The rising cost of residential care and lack of government oversight

Last week the National Audit Office (NAO) published a report on Pressures on children’s social care. The report was produced against the backdrop of increasing strain on finances and services, particularly children’s services, that local authorities have been experiencing. It set out to examine recent trends in pressures on children’s social care demand and activity and the response of both national and local government to these pressures.

The cost of children in care was shown to be a key factor in the pressures facing local authorities. The number of children coming into care has increased exponentially over the last eight years; between 2010-11 and 2017-18 the number of children in care at year end increased by 15 per cent to 75,420 children, more than triple the rate of overall population growth.

Residential care was identified as an area of concern in terms of service provision and in relation to financial control.

Residential placements are much more expensive than foster placements

It was reported that residential placements are, on average, much more expensive than foster care: in 2017-18, local authorities spent £1.61 billion on the 79,000 looked-after children in foster care, £20,400 per child. In contrast, they spent £1.25 billion on the 26,750 looked-after children placed in residential care (a category that includes secure units as well as children’s homes), which amounts to £46,600 per child.

Increase in the use of residential care

The report recorded an increase in the use of residential care over the last five years. One of the reasons for this has been a steep rise in the number of children over 16 taken into care, which increased by 78 per cent between 2010-11 and 2017-18, from 3,210 to 5,710. Local authorities told the NAO that these children often have more complex needs and as a result are harder to place into foster care and are therefore more likely to go into residential care. It was noted that the Government does not have local or national data to understand the frequency or scale of this issue.

Demand is outstripping capacity

The increase in the use of residential care had, the report said, exposed the lack of suitable placement capacity available to local authorities: only 32 per cent of local authorities reported that they had access to enough residential homes for children aged 14 to 15 years, and 41 per cent for those aged 16 to 17.

The cost of residential care is rising

Although the number of children placed in residential care by local authorities increased by 9.2 per cent between 2013-14 and 2017-18, the real-terms cost of residential care increased by 22.5 per cent over the same period, from £1.02 billion to £1.25 billion.

Several local authorities had told the NAO that providers are able to charge local authorities a higher amount for residential care. The report cited the 2016 independent review by Martin Narey as having found that an absence of successful commissioning, along with other factors such as place availability and limited market management, was resulting in different local authorities paying widely different prices for the same standard of residential care

The government does not understand the situation

The NAO report concluded that the Department for Education had made poor progress in improving children’s social care services since 2016. One of the problems, it stated, was that despite having put in place a program of reform, the Department still does not fully understand what is driving demand for children’s social care or why there is such wide variation between local authorities in their children’s social care activity and costs. It has not, the report said, yet done the work to tie together available sources of information and therefore it lacks a well-informed pathway to achieve its goal.

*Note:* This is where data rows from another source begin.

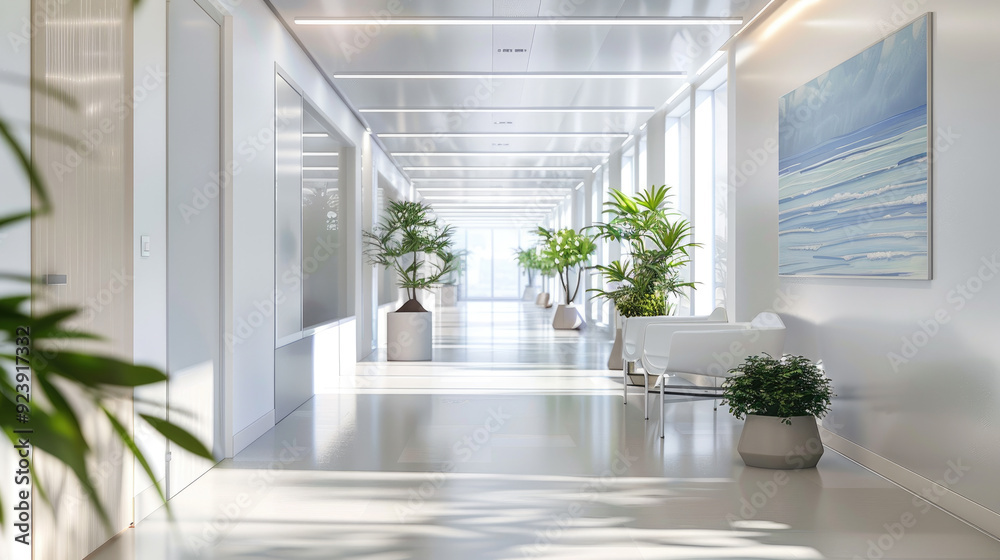 Inside empty clinic hall with green plants and white walls, luxury ...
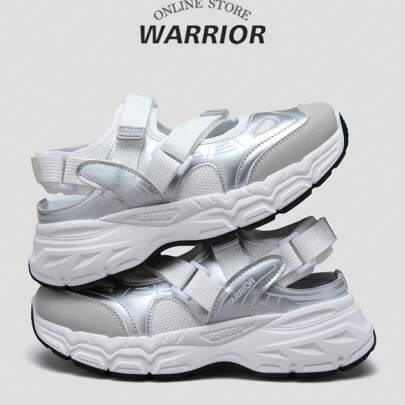 Serie Guerriero, Regalo di San Valentino, 1 Paio di Nuove Scarpe Sportive Estive da Donna 2025, Scarpe da Acqua, Design a Strappo e Basso Top, Argento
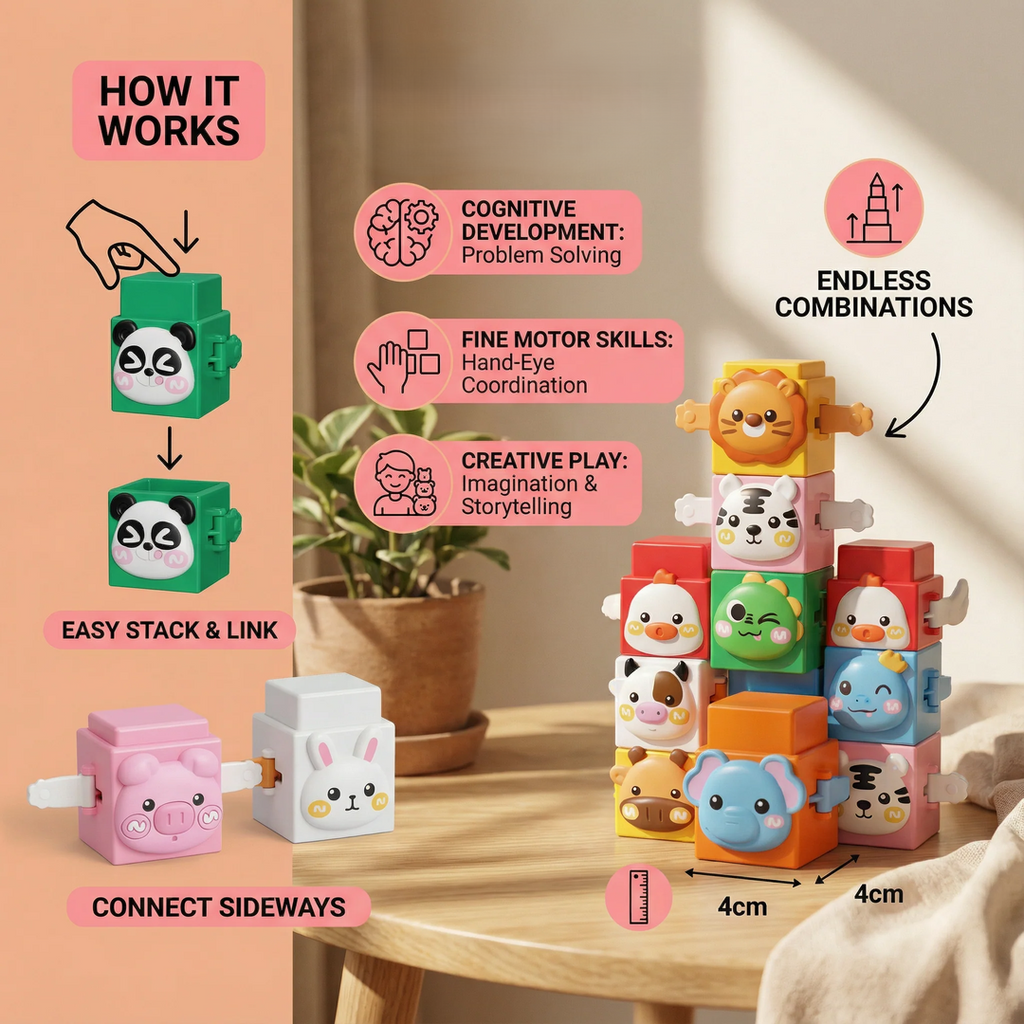 Animal Stacking Blocks with Interlocking Connectors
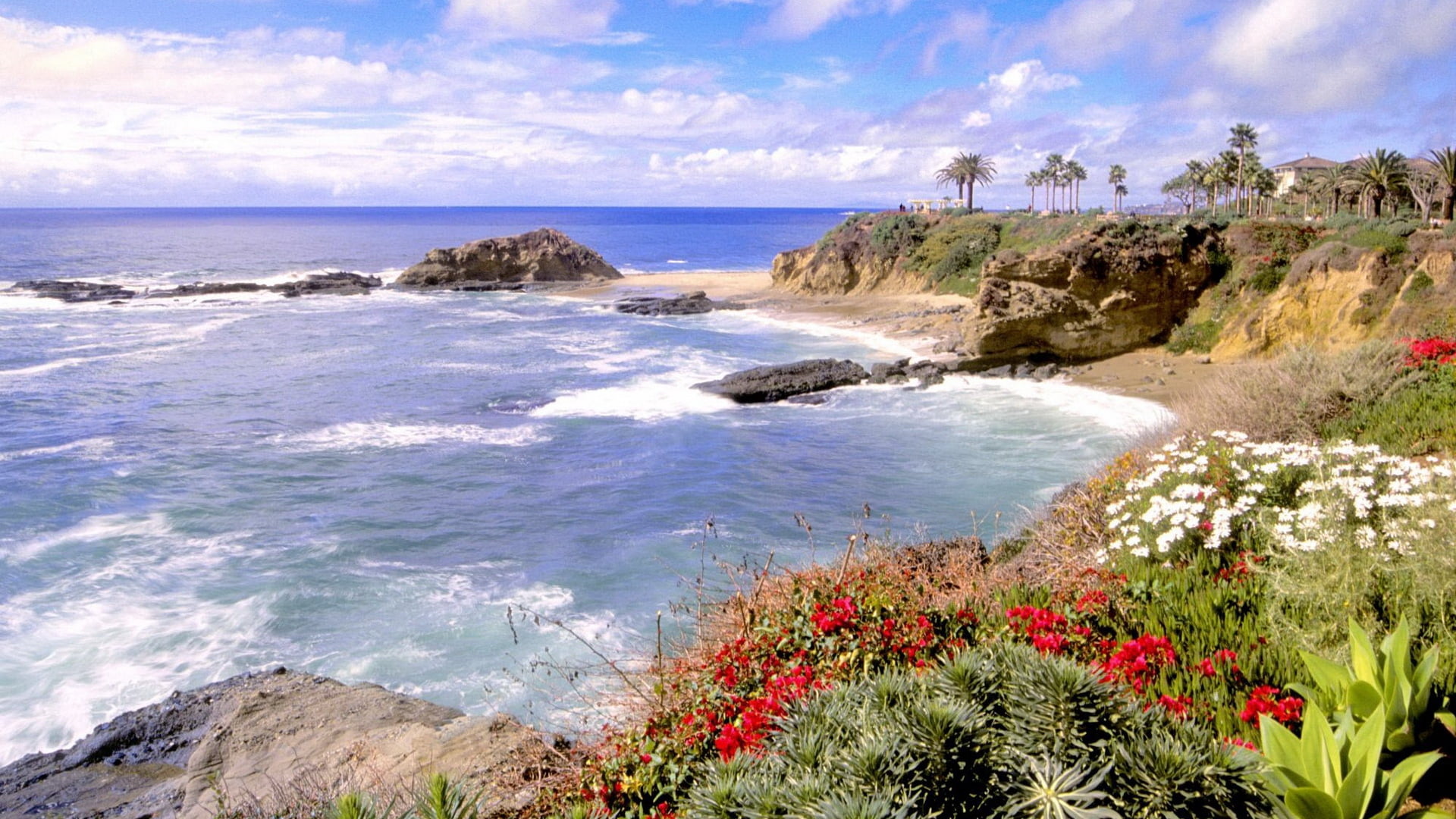 multi-colored, cliff, scenics, tourism, coastline, surf, motion, travel, tranquil scene, sky, rock, blue, big Sur, no People, beach, aquatic sport, plant, HD Wallpaper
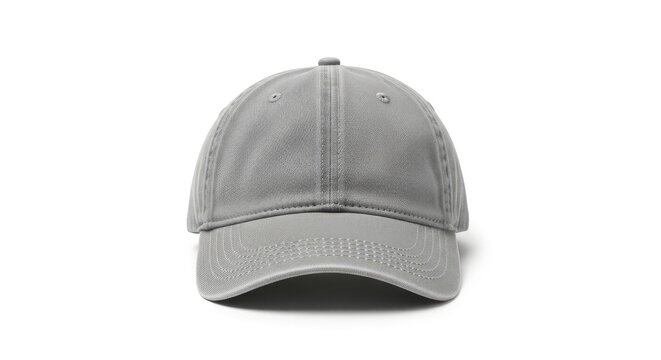Grey woven textured baseball cap, plain white background, mockup design Concept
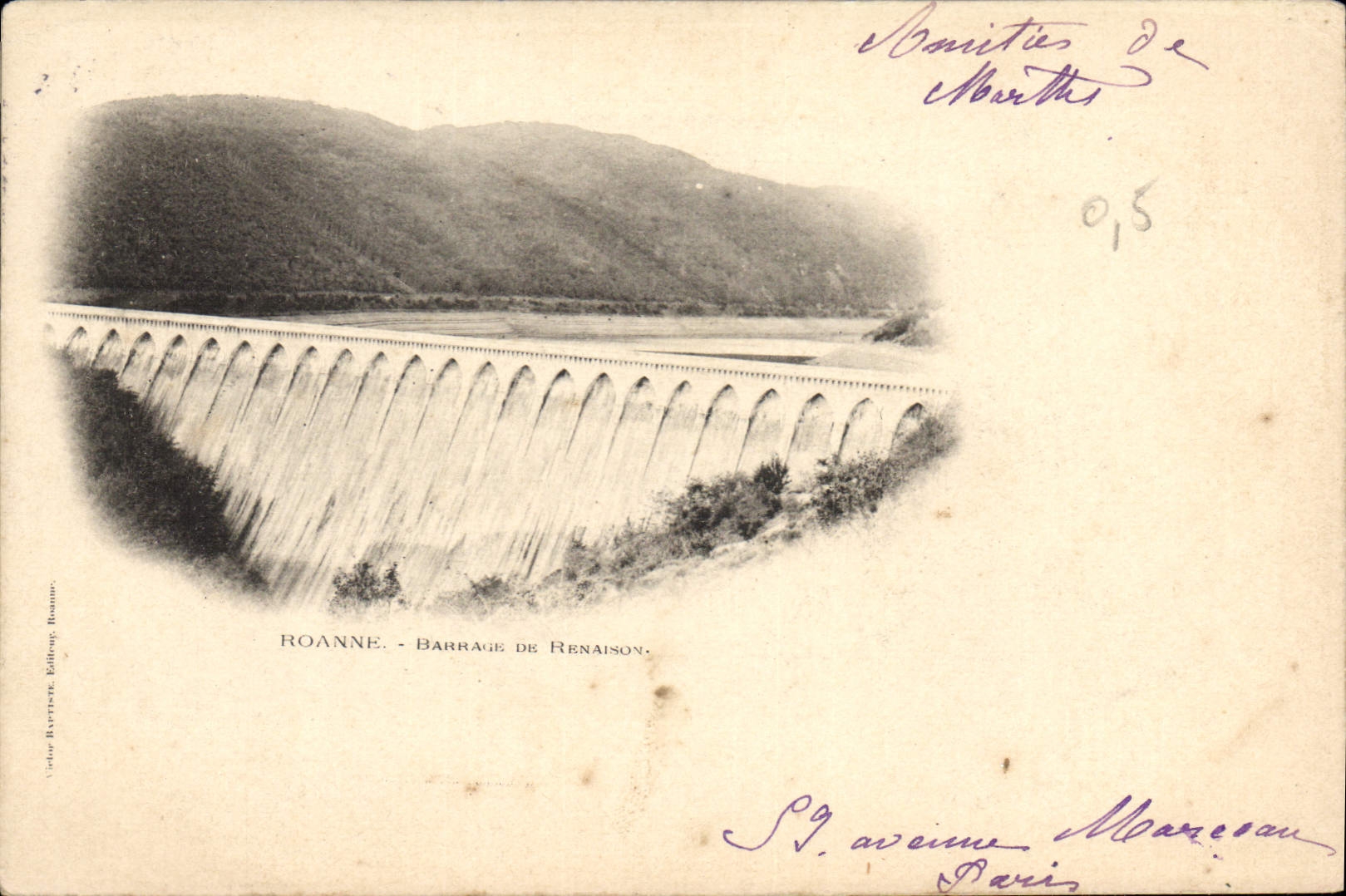 CPA Roanne Barrage de Renaison 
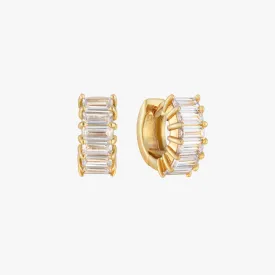 Baguette CZ Eternity Huggie Hoop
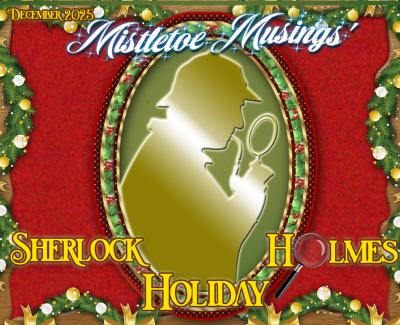 A Christmas-y depiction of the classic silhouette of Holmes in deerstalker with pipe and magnifying glass.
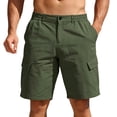 thumbnail image 2 of IhhxPro Men's Outdoor Cargo Shorts Elastic Waist Quick Dry Multi-Pocket Men Summer Work Hiking Casual Loose Fit Lightweight Cotton Travel S-3XL, 2 of 6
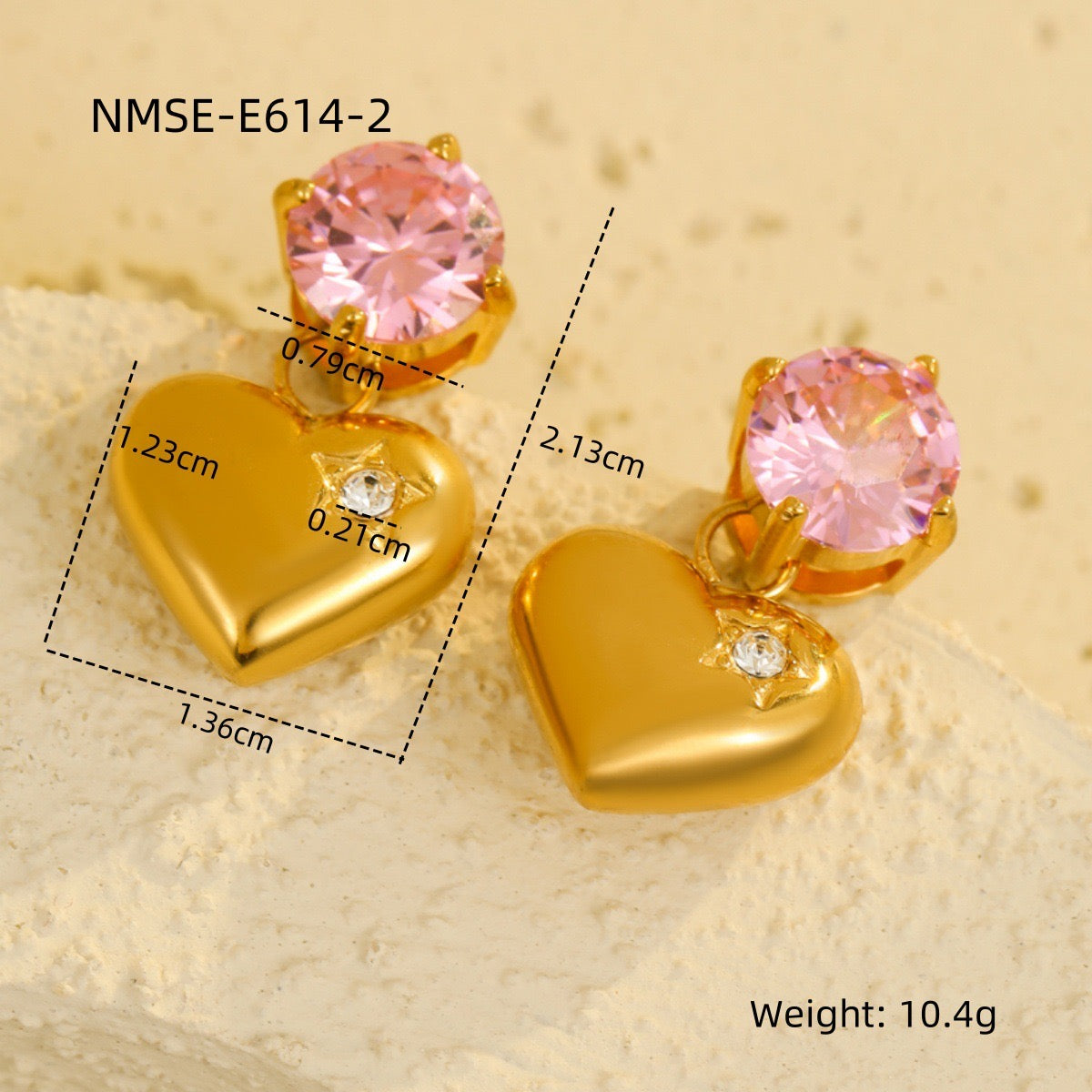 Heart Charm Gemstone Earrings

There is an urgent need for financial transparency

The NAO’s findings reflect what we have been told by Directors of Children’s Services and other senior children’s services professionals. Given the high costs of residential care to the public purse and the increase in the use of children’s homes there is clearly an urgent need for the government to ensure it has the information it needs to understand the sector and the pressures faced by local authorities so that all children can be provided with suitable placements and support.

The cost of residential care has increased by 22.5 per cent in the last five years

The current lack of government oversight of the residential children’s homes ‘market’ is coupled with a lack of financial transparency. Directors of Children’s Services have told us that they do not know how homes are spending the fees or what profits private providers are making for their shareholders. In our third briefing, Hearts and Heads, we recommended that local authorities should routinely ask for balance sheets from providers which clearly show how the money they have received for each child has been spent and how much profit has been made. We have been told that some local authorities would be loath to ask for this basic information through fear that the providers would refuse to work with them. In a ‘market’ where demand is outstripping supply, the larger providers frequently have more power than the purchasers. It is up to central government to address this lack of transparency and to make sure that basic financial information about how public money is being spent is publicly available.

Over the coming year we will be addressing some of these issues as we look in more detail at the structure of the residential care ‘market’ and at how broader systemic issues can contribute to the criminalisation of children.